Photo Credit: Associated Press
Photo Credit: Associated Press

Since the emergence of ‘failed states’ in the Middle East and North Africa region driven by the so-called “Arab Spring” events, Russia has actively endeavoured to expand its influence across the region. In Libya – the country, which has suffered from bloody sectarian wars since 2011 and thus, became a terrorist haven, seemingly is a new target of Russian expansion. This expansion is driven by its economic interests as a major oil producer and supplier of arms, and by history.

Today Libya is a failed state. Western military intervention has caused all of the worst scenarios: nearly all embassies have closed, the south of the country has become a training camp for ISIS terrorists, and the northern coast a centre for migrant trafficking. Amid all these tensions and political instability, general-lieutenant Khalifa Haftar pretends to be the long-awaited strongman, who is able to end six-year long anarchy and chaos in Libya. General Haftar, who once was fighting alongside Muammar Qaddafi but then opposed his regime, now enjoys the full support of Russia in his fight against radical terrorist groups.

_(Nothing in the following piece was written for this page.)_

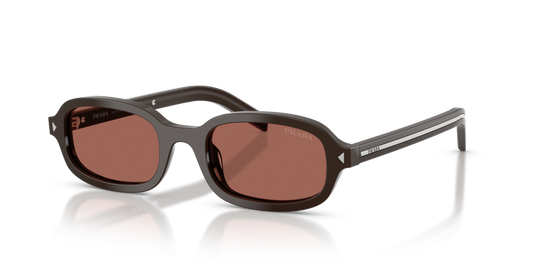 Prada PR D06S 27I20W - 50 - Güneş Gözlükleri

The Kremlin is determined to establish itself as a mediator in the Libyan conflict and regain its former influence on the Arab country, in a bid to contain both the Western ambitions and ISIS’ threat in the north African region. Relying on sponsors such as Russia, Egypt, the UAE and France, Haftar has succeeded in creating a stalemate that has gradually eroded Sarraj’s chances of governing the country under the label of the Libyan Political Agreement (LPA) signed in 2015.

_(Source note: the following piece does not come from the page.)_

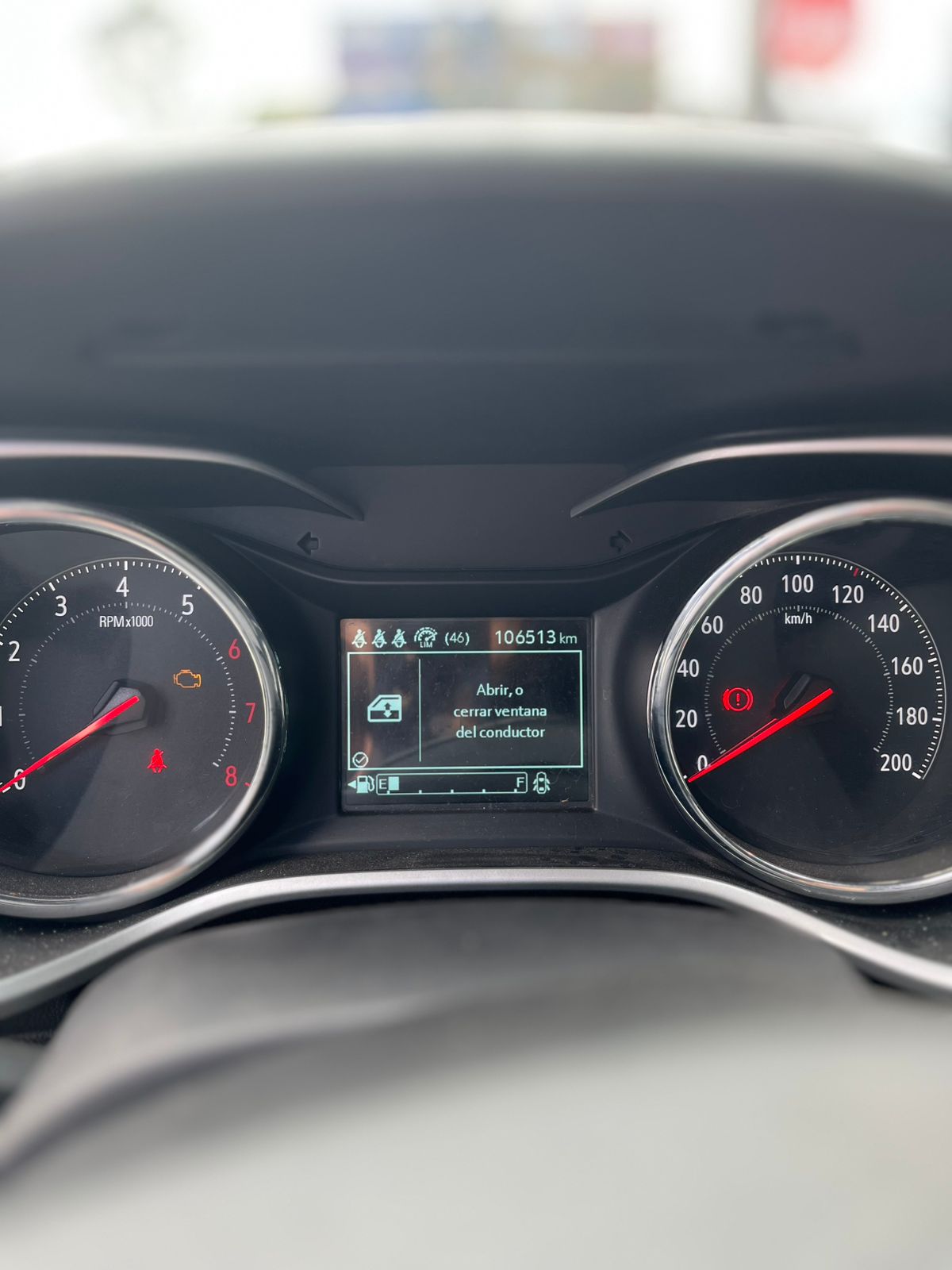 CHEVROLET TRACKER - Image 6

The geostrategic interest of Russia in Libya is the non-arguable phenomenon, as it is one more suitable opportunity for it (a part of Syria) to engage closely with regional affairs. No doubt the balance of power in Libya will likely change soon, even though regional countries such as Egypt are seemed to be incapable of halting the radical Islamism from spreading over the North African and Middle East region. In this respect, according to sources, Russia’s Special Forces had been deployed in western Egypt towards the border with Libya to support Libyan military commander Khalifa Haftar who has been under pressure from rival groups in his fiefdom around Benghazi.

Obviously, Egypt’s president Al-Fattah el Sissi has always been keen in preventing his country from radical Islamism factor along Libyan border, which threatens the national security of Egypt for several years. Thus, unofficial deployment of Russian Special Forces in Egypt-Libya borderline might be seen as a rational decision. Surprisingly or not, Russian newspaper “Izvestia” claimed that Russia is in talks with Egypt to lease military air base in this country, which will be ready for use by 2019. Egyptian officials did not confirm this option.

Russia also denies all accusations that its special forces are carrying on a mission in Libya in order to assist general Haftar to oust the UN backed government. According to Oleg Krinitsyn, owner of private Russian firm RSB group, he sent the contractors to eastern Libya last year and they were pulled out in February 2017 having completed their mission.

Moreover, there are no Russian troops or any military base stationed in Egyptian borderline with Libya, said press secretary of the Ministry of Defence of Egypt Tamar al-Rifai.

It should not come as a surprise that there is no any evidence of the presence of Russian soldiers in Libya or Egypt, as it prefer to mainly use contractors recruited by private military/security firms. What’s more, considering the current military activities of Russian armed forces in Syria, it seemed non-profitable to launch another large-scale operation in a different country due to economic and political reasons. Therefore, most probably the main task of Russian contractors in Libya is the removal of mines near oil and industrial facilities in Benghazi, which had been re-captured by general Haftar from Islamist forces.

However, it is still unclear whether the UN-backed government in Libya had approved the option of hiring foreign contractors. Russian security firms prefer to keep silence in this regard. But Russia has been expressing its wide support to military units loyal to Khalifa Haftar, in the last few months it took a mainly passive position in Libyan affairs. Some argue that the reason behind Russia’s passive position on Libyan affairs is a deep split between various political groups inside the Kremlin.

Despite financial and technical (military trainings) support of rebel general Khalifa Haftar in his war against opposition forces, and Islamist groups, Russia will likely refrain from active intervention in the Libyan crisis. In order to be able to intervene militarily in Libya, the official Moscow seeks for the so-called “green light” of Libyan authorities. The Russian support for general Haftar has been dictated by its concern about the spread of ISIS in the region. In addition to that, Russia intends to set up a bigger anti-terrorist coalition, in which it will take a leading role. In the case of a new intervention in Libya, the situation might change radically, since Libyan crisis is quite different compared to Syrian crisis. A new war may lead to further tensions in Egypt, Tunisia, Algeria and the whole North Africa region.